Глава XV ДИОНИС, ИЛИ ВОЗВРАЩЕННОЕ БЛАЖЕНСТВО

Глава XV

ДИОНИС, ИЛИ ВОЗВРАЩЕННОЕ БЛАЖЕНСТВО

§ 122. Явления и исчезновения "дважды рожденного" бога

Исследования, продолжавшиеся более столетия, не сняли с Диониса покрова загадочности. По своему происхождению, по способу существования, по типу религиозного опыта, с ним связанного, Дионис стоит особняком среди великих греческих богов. Согласно мифу, он сын Зевса и царевны Семелы, дочери фиванского царя Кадма.
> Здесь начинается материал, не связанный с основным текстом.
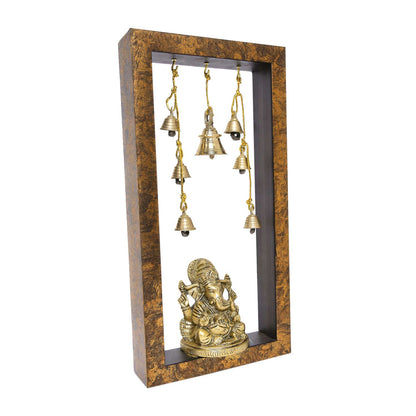 Wooden Long Temple Frame with Ganesha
Гера из ревности готовит Семеле западню — внушает, чтобы та потребовала от Зевса явиться перед ней в своем божественном величии. Зевс поражает ее ударом молнии, и дерзкая царевна преждевременно разрешается мальчиком. Но Зевс зашивает ребенка в собственное бедро, а через несколько месяцев выпускает Диониса на свет — он в прямом смысле "дважды рожденный". Во многих мифах основатели монарших династий происходят от союзов богов со смертными женщинами. Но второй раз Диониса рождает Зевс. Поэтому-то среди отпрысков подобных союзов один он является богом.[759]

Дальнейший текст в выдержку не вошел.